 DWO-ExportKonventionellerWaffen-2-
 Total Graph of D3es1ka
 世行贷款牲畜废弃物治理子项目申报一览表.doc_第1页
=======
_DIRECTIONS_
From top to bottom, return the material above unchanged.

_WRITTEN ANSWER_
 DWO-ExportKonventionellerWaffen-2-
 Total Graph of D3es1ka
 世行贷款牲畜废弃物治理子项目申报一览表.doc_第1页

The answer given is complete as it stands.